De door [X.] bij memorie van grieven overgelegde algemene voorwaarden kunnen zijn stellingen reeds niet ondersteunen omdat het voorwaarden uit 2006 betreffen.
Overigens heeft Essent betwist dat de door [X.] overgelegde voorwaarden van toepassing zijn op de gesloten overeenkomst.
8.5.1. In afwijking van haar eerdere stellingen en van de vermeldingen op de eindafrekening van 7 mei 2006 stelt Essent thans bij memorie van antwoord dat de vermelde meterstanden geen schattingen betreffen, maar door haar werknemers geconstateerde meterstanden. Zij geeft de volgende af¬gelezen meterstanden op (prod. 3 mva):
Opname datum stand elektrastand gas
01-12-2002 308.813 25.431
25-11-2003 328.917 25.658
25-11-2004 349.969 25.877
01-02-2005 353.784 26.252
Voor wat betreft de vermelde standen per 1 februari 2005 stelt Essent dat zij deze standen heeft gebaseerd op de daadwerkelijke beginstanden per april 2006 toen het pand voor de nieuwe afnemer werd heraangesloten.
8.5.2. Het hof overweegt dat [X.] nog niet op deze nieuwe, met voor het eerst in hoger beroep overgelegde producties ondersteunde, stelling heeft kunnen reageren. Hij zal dit bij akte alsnog kunnen doen.
8.6. In afwachting van de verdere beoordeling van vordering a. zal de beoordeling ten aanzien van de overige vorderingen worden aangehouden.

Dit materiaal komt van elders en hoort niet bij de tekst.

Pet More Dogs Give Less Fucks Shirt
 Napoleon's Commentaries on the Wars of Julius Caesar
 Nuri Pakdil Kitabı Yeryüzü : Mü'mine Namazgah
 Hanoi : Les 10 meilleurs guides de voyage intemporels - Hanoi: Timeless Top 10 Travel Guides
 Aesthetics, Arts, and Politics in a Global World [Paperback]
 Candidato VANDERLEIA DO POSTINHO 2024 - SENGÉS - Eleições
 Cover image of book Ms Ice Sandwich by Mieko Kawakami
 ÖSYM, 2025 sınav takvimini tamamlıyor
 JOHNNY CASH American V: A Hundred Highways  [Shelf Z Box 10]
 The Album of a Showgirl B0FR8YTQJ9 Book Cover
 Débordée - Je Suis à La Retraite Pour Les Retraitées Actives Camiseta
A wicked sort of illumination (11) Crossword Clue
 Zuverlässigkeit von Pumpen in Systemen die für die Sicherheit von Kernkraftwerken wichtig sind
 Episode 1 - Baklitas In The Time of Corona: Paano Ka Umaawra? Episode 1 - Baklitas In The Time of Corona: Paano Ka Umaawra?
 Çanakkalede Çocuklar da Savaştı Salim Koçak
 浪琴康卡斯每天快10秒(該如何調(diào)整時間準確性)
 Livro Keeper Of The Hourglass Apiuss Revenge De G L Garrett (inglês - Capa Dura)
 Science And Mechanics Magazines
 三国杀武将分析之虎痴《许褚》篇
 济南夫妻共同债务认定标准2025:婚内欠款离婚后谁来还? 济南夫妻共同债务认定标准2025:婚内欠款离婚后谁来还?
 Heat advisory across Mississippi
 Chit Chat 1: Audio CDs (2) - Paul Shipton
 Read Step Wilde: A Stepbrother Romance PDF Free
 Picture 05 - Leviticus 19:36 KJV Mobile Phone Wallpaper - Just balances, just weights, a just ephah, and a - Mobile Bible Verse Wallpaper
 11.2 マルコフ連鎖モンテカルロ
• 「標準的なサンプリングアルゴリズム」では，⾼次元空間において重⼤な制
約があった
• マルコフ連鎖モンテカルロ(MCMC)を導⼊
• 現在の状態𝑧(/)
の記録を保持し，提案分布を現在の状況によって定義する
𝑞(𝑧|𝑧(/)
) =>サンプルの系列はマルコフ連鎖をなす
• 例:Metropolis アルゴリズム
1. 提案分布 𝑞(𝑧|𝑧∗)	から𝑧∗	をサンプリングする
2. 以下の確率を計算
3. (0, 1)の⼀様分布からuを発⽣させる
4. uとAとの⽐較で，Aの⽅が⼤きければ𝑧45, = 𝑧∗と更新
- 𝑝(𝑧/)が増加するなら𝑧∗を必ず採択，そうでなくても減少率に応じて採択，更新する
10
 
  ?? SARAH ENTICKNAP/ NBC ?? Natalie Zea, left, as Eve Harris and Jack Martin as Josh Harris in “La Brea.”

Ook iedere verdere beslissing zal worden aangehouden.
9. De uitspraak
Het hof:
verwijst de zaak naar de rol van 9 juni 2009 voor akte aan de zijde van [X.] met de hiervoor onder 8.4.2 en 8.5.2 vermelde doeleinden en om Essent in de gelegenheid te stellen daarop bij antwoordakte te reageren;
houdt iedere verdere beslissing aan.
Dit arrest is gewezen door mrs. Brandenburg, Keizer en
Venhuizen en in het openbaar uitgesproken door de rolraadsheer op 12 mei 2009.